PROBLEM REQUIREMENTS: For this exercise, write out the whole listing below exactly, omitting its images.

AVAILABLE DATA:
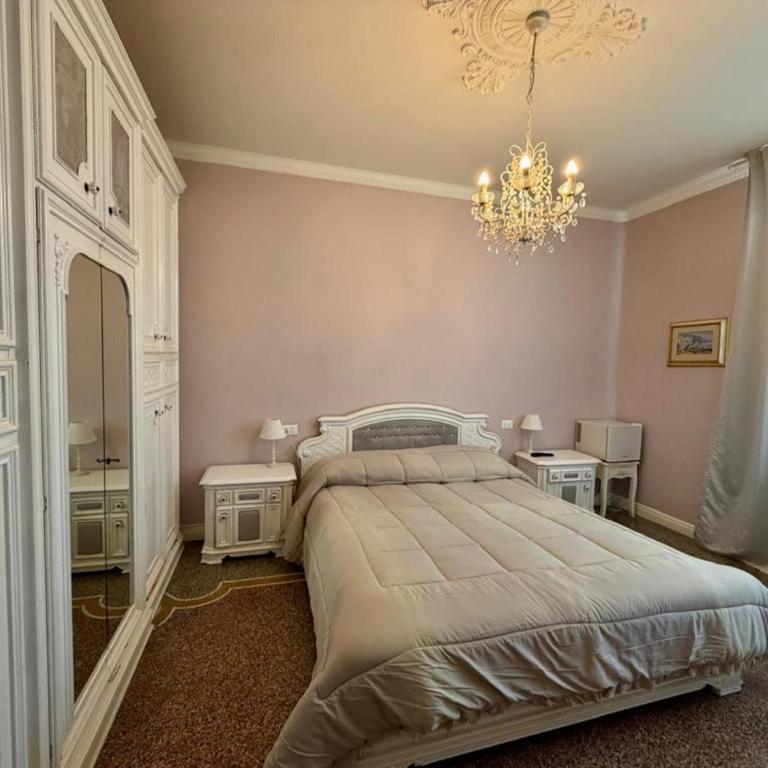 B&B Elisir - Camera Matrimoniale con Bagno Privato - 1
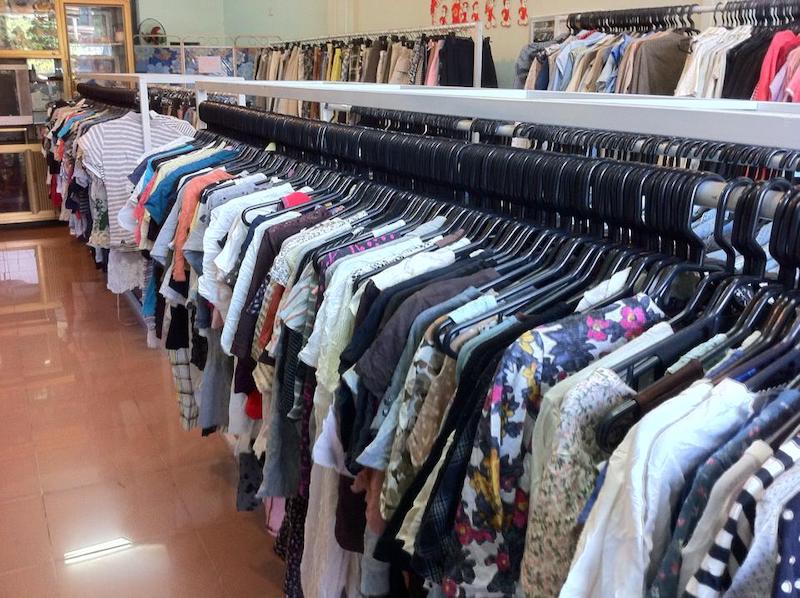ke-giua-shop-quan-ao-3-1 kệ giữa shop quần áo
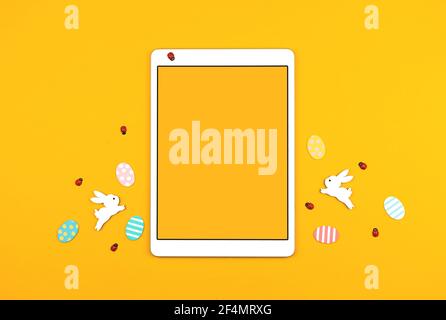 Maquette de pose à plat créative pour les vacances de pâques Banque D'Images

ANSWER BOX:
 B&B Elisir - Camera Matrimoniale con Bagno Privato - 1
ke-giua-shop-quan-ao-3-1 kệ giữa shop quần áo
 Maquette de pose à plat créative pour les vacances de pâques Banque D'Images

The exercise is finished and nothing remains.